The launch introduces a consumer-facing software distribution model to humanoid robotics – one that mirrors the UX structure of smartphone app stores but applies it to physical robot behavior.
What UniStore Offers at Launch
UniStore opens with four core modules: User Square, a community and discovery layer; Motion Library, a catalog of downloadable execution actions; Dataset, a repository of robot interaction data; and Developer Center, a third-party publishing environment for developers building new motion and task packages.
The Motion Library launches with 24 available actions, currently offered on a limited-time free trial. These include Jackson-style dance moves, Charleston, jump-dancing, cheering sequences, Mantis Boxing, and a category the company describes as meme or “整活” actions – playful, culturally referential motion packages designed for entertainment and social sharing. Users install packages directly from the phone app with a single tap.

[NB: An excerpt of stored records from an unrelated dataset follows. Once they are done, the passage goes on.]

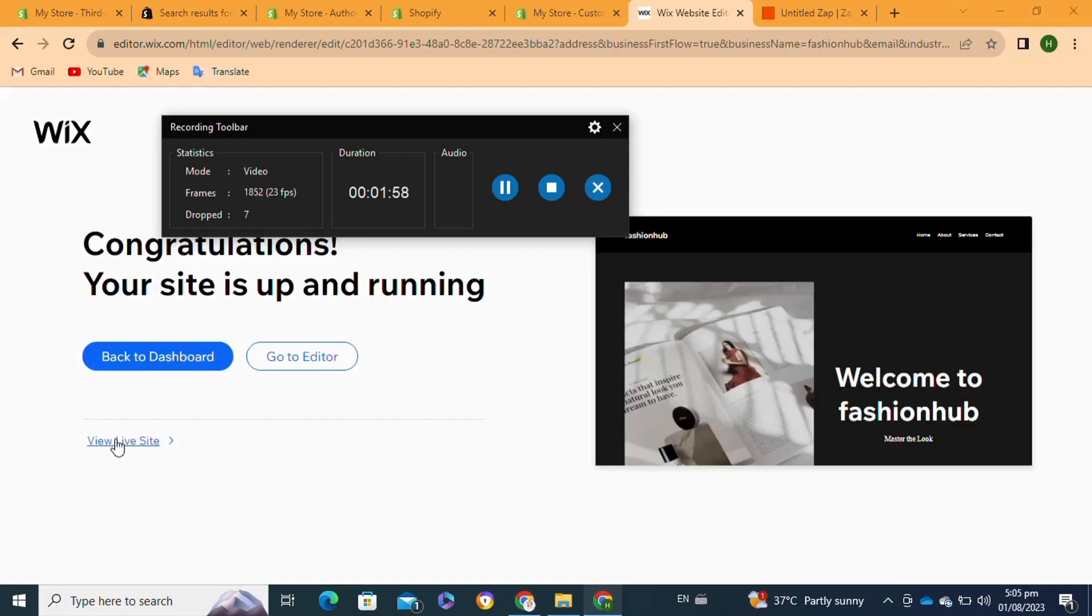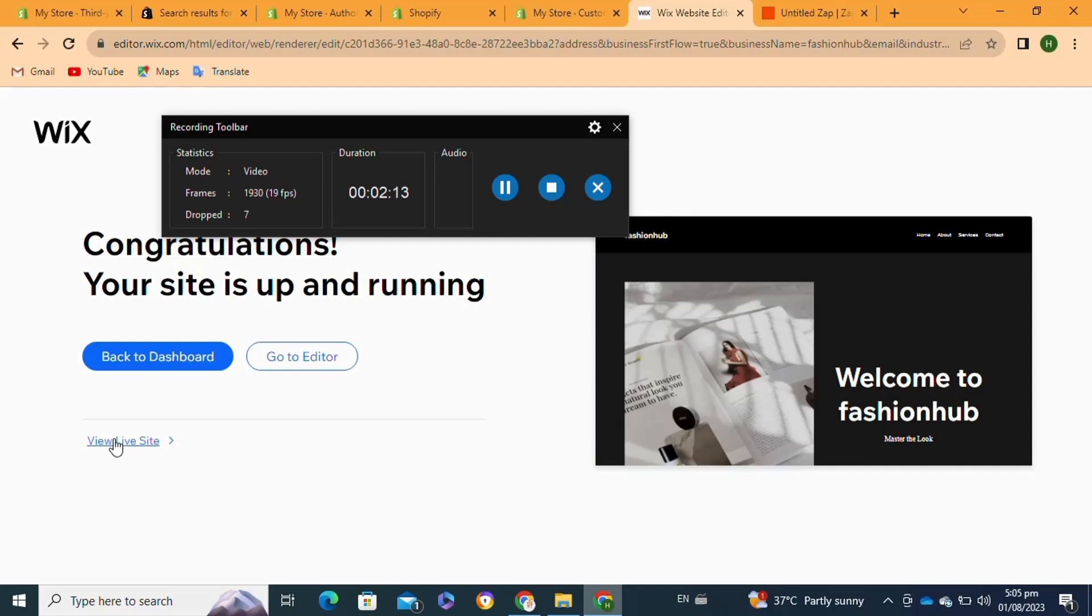Now, as you can see, your site is published and is viewable on Google. To check your site, you have to click on the View Live Site option. After that, you will be able to view your live site. That's how to index a Wix website on Google.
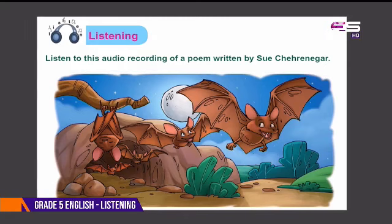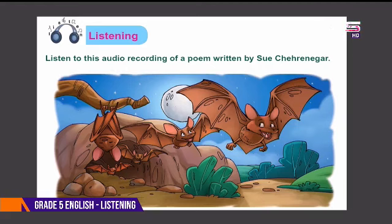Bat. Though born with wings, it isn't a bird. Blind, it sees by the echoes it heard. In daytime hours, caves where it's at. In dark of night, out comes the bat. Now what a scary thing is that?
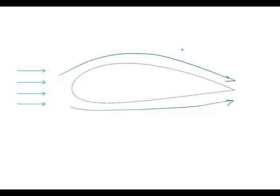And the flow that goes over is going to experience a longer path than the flow that went under. And this is going to cause a pressure drop on the upper side of the airfoil, which causes a lift force.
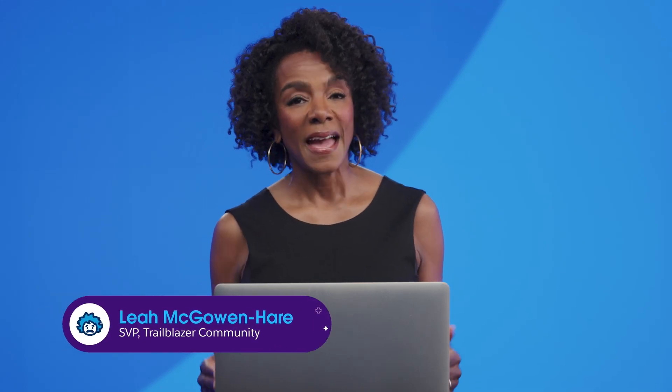I'm Leah McGowan here, and I'm here to help you get to know the Einstein Trust Layer, part of your Salesforce AI specialist certification.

The Platform and Ecosystem Strategy
The Developer Center is the structurally significant component. By opening a publishing pathway for third-party developers, Unitree is building the infrastructure for an external ecosystem to grow around its hardware – a model that has proven durable in smartphones, gaming consoles, and enterprise software, but has not previously been applied to consumer and prosumer robotics at this scale.

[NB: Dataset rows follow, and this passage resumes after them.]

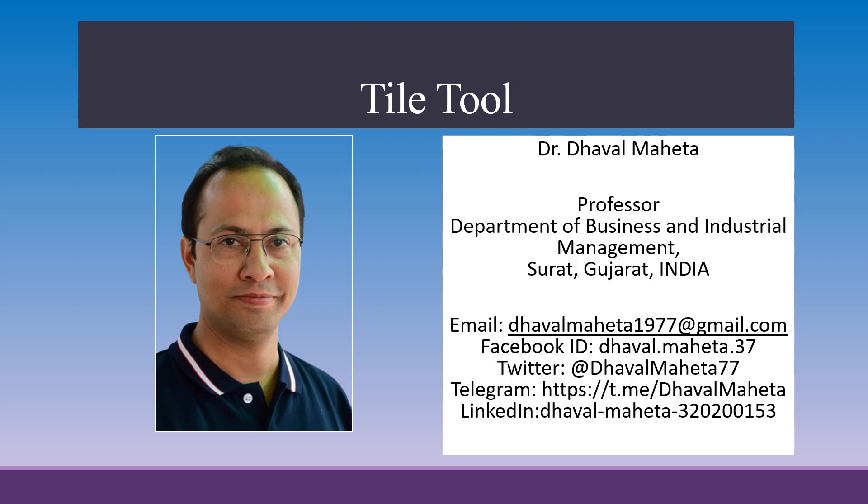Hello to all my viewers. This is Dr. Dhaval Mehta and today we will understand Tile tool available in Alteryx Designer platform.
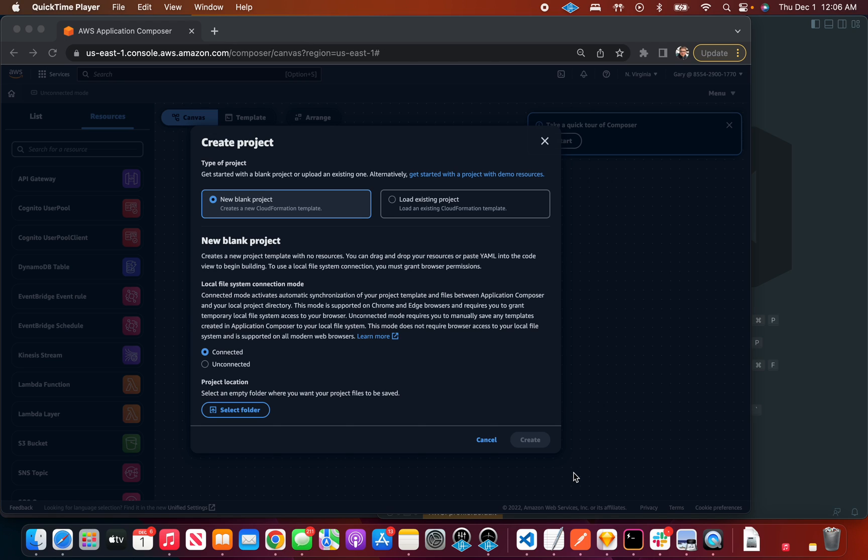What is AWS Application Composer? It's a new service that lets you write AWS applications in a visual way but it also at the same time helps you write code. So let's take a look at how that works.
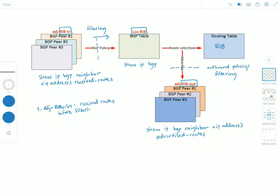Then the local RIB, this is routes after filtering.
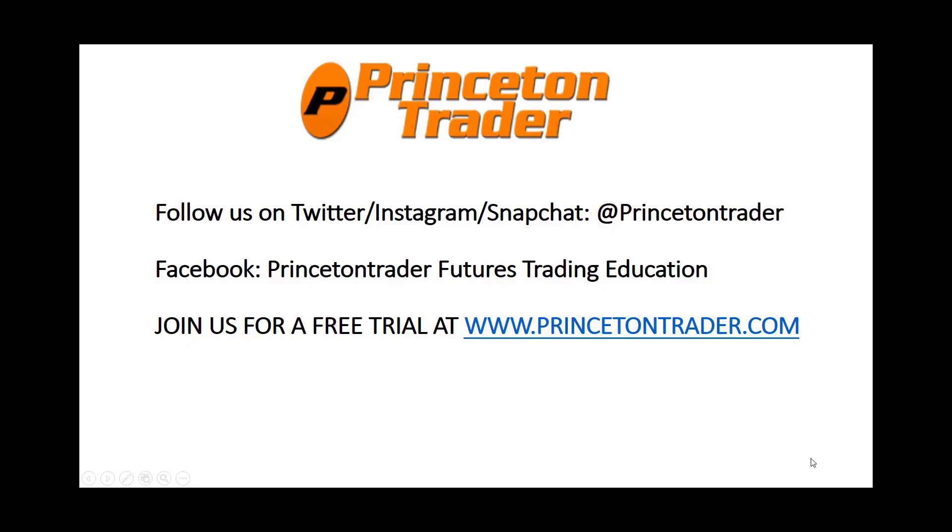Follow us over on Twitter, Instagram, and Snapchat at Princeton Trader. Check us out on Facebook and join us for a free trial at www.princetontrader.com. Trade them well.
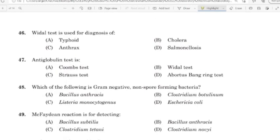46th question: Widal test is used for diagnosis of. Correct answer: Option A — Typhoid.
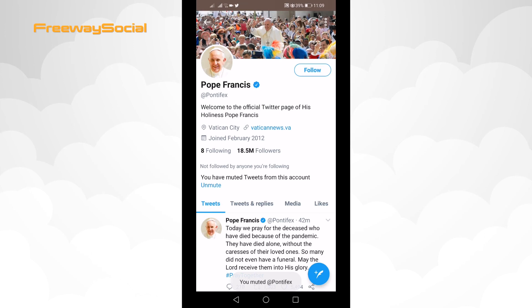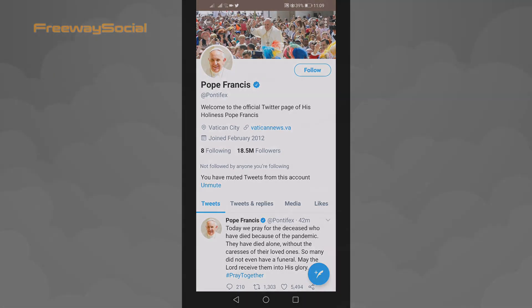Done! This Twitter user has been muted. I hope this guide was helpful and you were able to mute someone on Twitter. Don't forget to like this video and visit us at FreewaySocial.com.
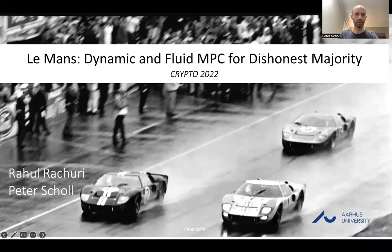Hi, I'm Peter, and I want to talk to you about Le Mans, which is the dynamic and fluid MPC protocol for dishonest majority.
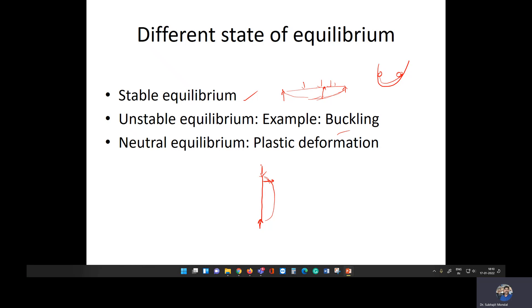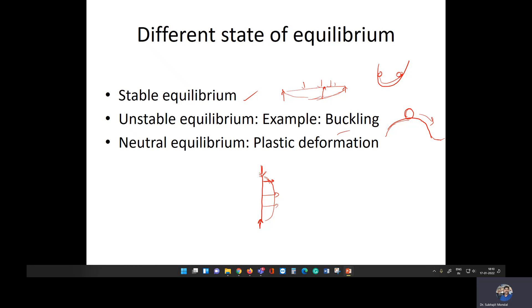In a buckling problem, once the load is applied, the structure undergoes large deformations. When you remove the load, the structure does not return to the original position. This type of equilibrium condition is called unstable equilibrium. It can be visualized as an inverted bowl shape: release a ball at the top and it rolls away, not returning to its original position.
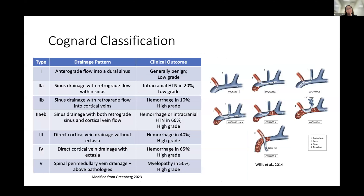The Coneyard classification has similar criteria. Types 1 and 2A are low-grade: type 1 has anterograde flow into a dural sinus, and type 2A has sinus drainage with retrograde flow within that sinus. High-grade lesions begin at type 2B, where retrograde flow into cortical veins appears. Type 2A plus B is a combination of the previous two. Types 3 and 4 distinguish between cortical venous drainage without or with venous ectasia, respectively. Type 5 has drainage into spinal perimedullary veins.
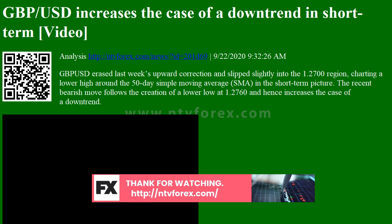Should it fail to hold, the sell-off could gain new legs towards the 50% Fibonacci level of 1.2445, confirming the start of a downtrend.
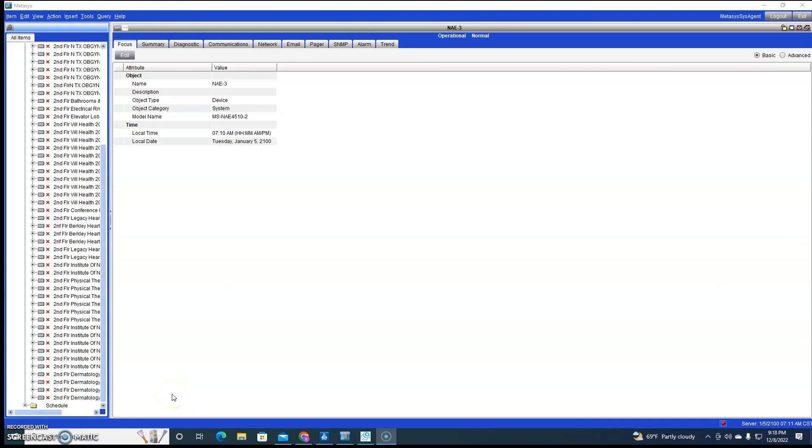Everybody, today let's talk about how to add a controller to NAE. Maybe you're taking over a building and you're just putting one controller in, and the customer doesn't want to flip the front end over to a Jace, so you're forced to put the controller in NAE. Will it work? Yeah.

The implication is a platform dynamic: as Unitree’s installed base of G1, H1, B2, and Go2 units grows, the addressable audience for third-party developers increases, which attracts more developers, which increases the platform’s value to hardware buyers. The Motion Library at launch is primarily entertainment-oriented, but the Developer Center is designed to support the full range of task and motion packages a developer might build – including functional applications for logistics, inspection, and service environments as the hardware deployment base matures.
The launch positions Unitree in contrast to proprietary robotics platforms where capabilities are controlled by the manufacturer. It also arrives as Unitree is preparing for a Shanghai IPO targeting a valuation of up to $7 billion, filed in March, making the ecosystem announcement a relevant signal to potential investors about the company’s platform ambitions beyond hardware sales.